No untouchable constitutional rights? What's wrong with that man? Didn't anyone tell him what his job was when he put on the robe? It's to preserve and protect the constitution. Period. That's his whole job. 

We're not talking about interpretation here. It's not a question of what the founding fathers meant. He's not unclear about the meaning of "the right of the people to keep and bear arms, shall not be infringed." 

He's saying, point blank, if we don't like what they meant, we can ignore it. "No untouchable constitutional rights guaranteed by (the Bill of Rights)."

Y'all better get posting to ChefTalk out of your system tonight, cuz tomorrow Justice Breyer will tell us there is nothing untouchable or guaranteed about free speech. And, oh, yeah, starting Saturday we all have to subscribe to the Pentecostal view, cuz there is no freedom of religeous choice after all. No right to peaceably assemble. No right to sue for redress of grievences. And all those newspapers that didn't back his nomination? They're gone, cuz there is no untouchable guarantee of free press whatsoever.

Sure, all that's in the Constitution. But, what the ****, let's just toss it all out on a whim. Justice Breyer says it's ok. 

Somebody needs to take that man out behind the barn!


----------



## oregonyeti (Jun 16, 2007)

Lately, imo, there are so many legal issues dealt with not in good faith or in the spirit of the constitution, but rather pushing one side's agenda as far as possible. That is something I'd expect from an activist (which is not a bad thing in most cases), but not someone entrusted to uphold the constitution.

Whether I agree or disagree on this decision, imo it wasn't done properly. It's not far from corruption.


----------



## jbd (Mar 17, 2008)

The beginning of that sentence starts with, "A well regulated militia,......"

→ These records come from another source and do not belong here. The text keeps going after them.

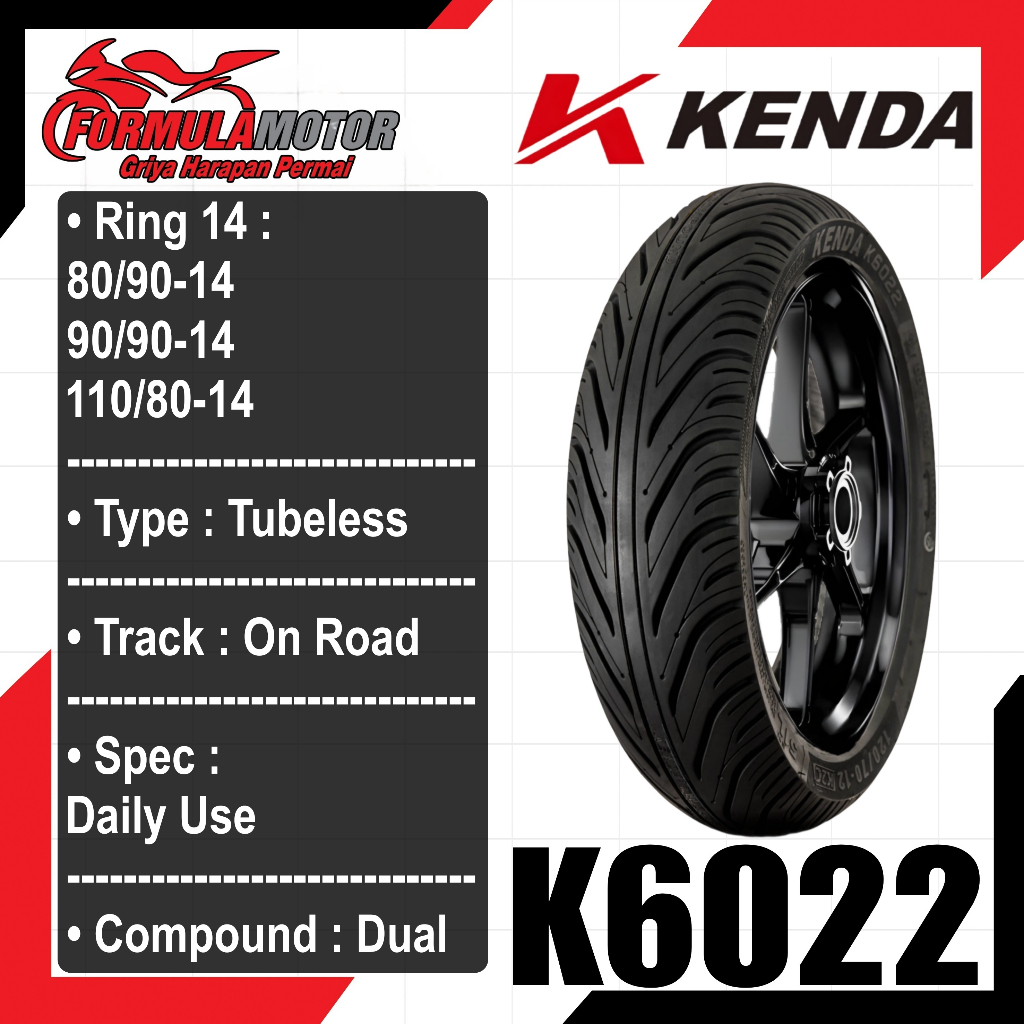 Kenda K6022 Ring 14 Tubeless All Size - Ban Tubles Motor Matic Ukuran 80/90, 90/90, 110/80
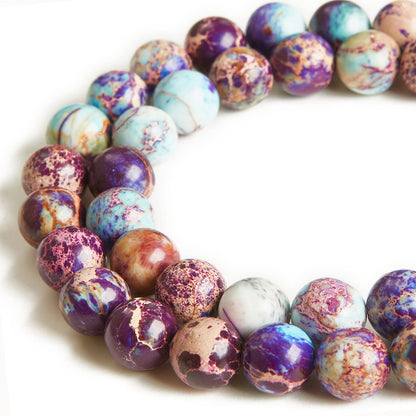 45pcs 8mm Natural Colorful Imperial Jasper Beads Gemstone Beads Round Loose Beads for Jewelry Making
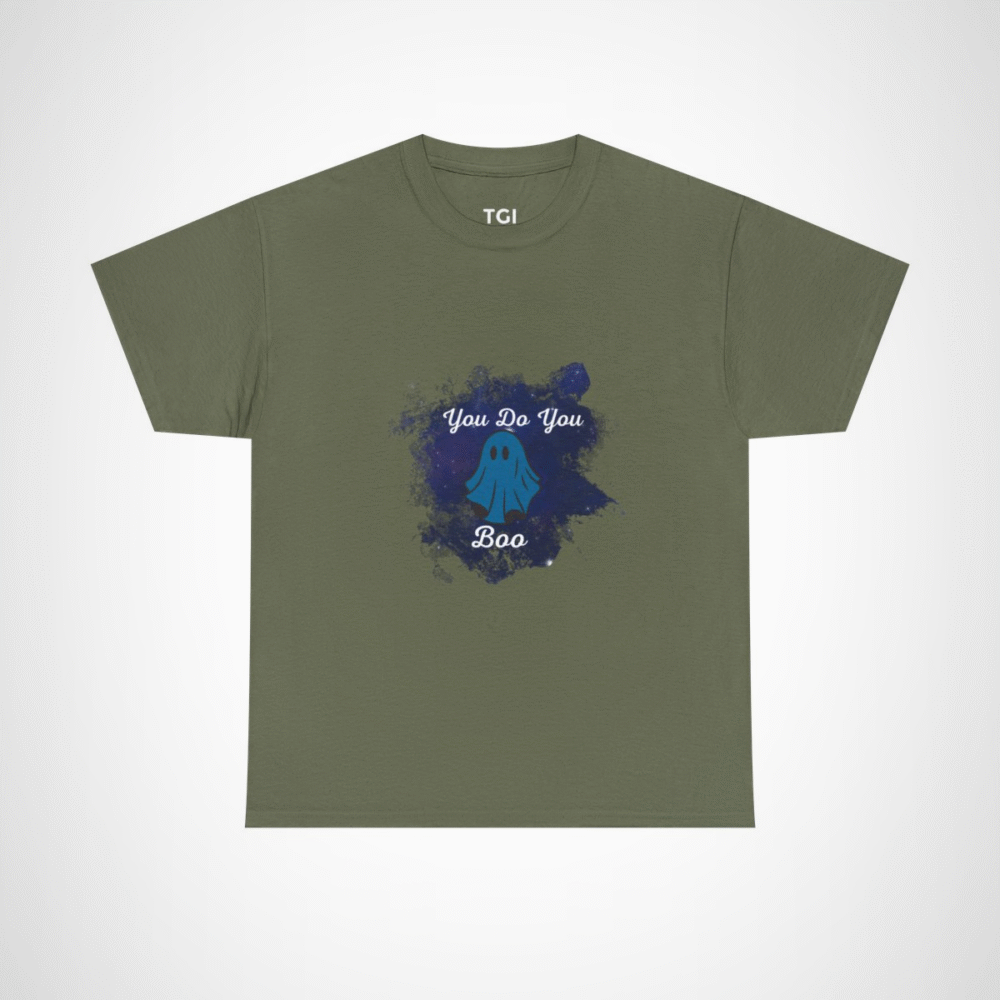 You Do You Boo ghost t-shirt with blue ghost design Military Green colour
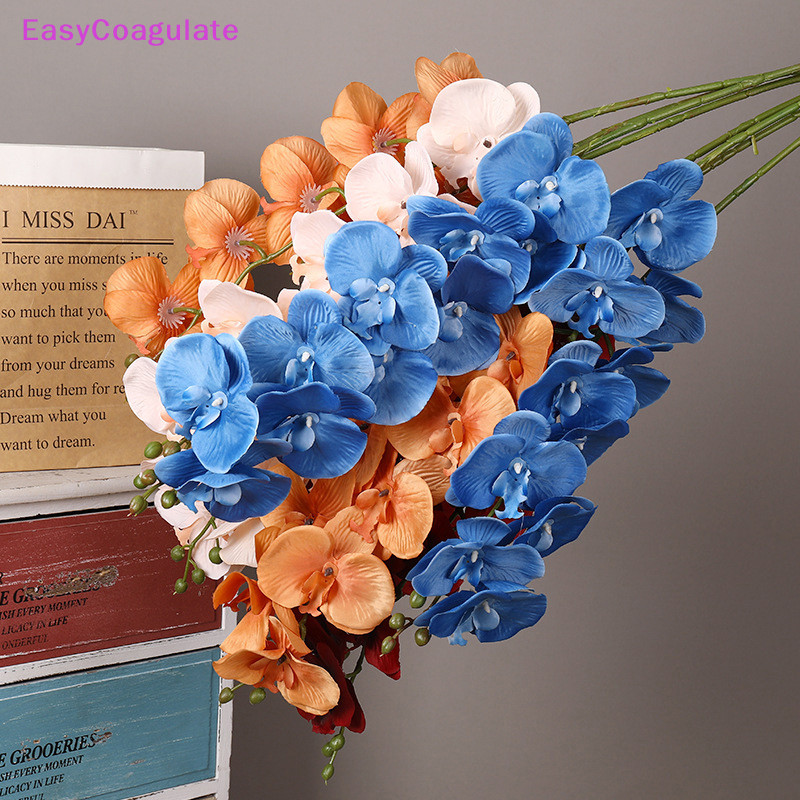 Eas 8 หัวประดิษฐ์ผีเสื้อกล้วยไม้ปลอม 3D Phalaenopsis ดอกไม้จําลองจริง Touch พืชงานแต่งงานตกแต่งคริสต์มาส Ate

What part of John Q Public owning hands guns or other firearms meets the requirements of a "Well regulated militia" ? How does it fit that requirement when the guns are being used by criminals?


----------



## oldschool1982 (Jun 27, 2006)

Now I'm not sure about the side comments or what else each judge that opposed the ruling stated but the way I understood it was that it was a victory for the second amendment. So KY, why all the hubbub bub? After all even being a justice he is entitled to his personal opinion under the same Constitution

Gonna certainly ruffle some feathers with this statement but I personally agree that for defensive purposes Americans should be able to have a gun in the home. Not that we have one but we have talked about it especially given the DW's training in the Armed Forces and the days of my youth at the Fox Valley Gun Club target range. For now though we rely on ADT and the Cracker Jack response of our Local Law Enforcement but sometimes, with current events, I feel it's too bad we can't have something from what the DW was formally trained on.... Air Defense Artillery.:look:

I'm not a fan of what the Justice said but in all fairness and another feather ruffler is this. If all constitutional rights were truly " _untouchable_ " and not as the Justice proclaims then we wouldn't have had the 21st amendment. For those that are rusty as a nail on the Constitution and those of us that enjoy our spirits, that's what gave us the right to enjoy them back after the Temperance Movement Lobbied for the 18th amendment. What we should all be fearful of is what the Lobbyist can and has accomplished to the detriment of the population, the country and the constitution and what pull they have and not just on our highest Court.


----------



## gummy-bear (Oct 27, 2007)

We Texans like our handguns, shotguns, any guns. I'm learning to shoot and carry currently. I'm 16 too, shows you how much we like our guns.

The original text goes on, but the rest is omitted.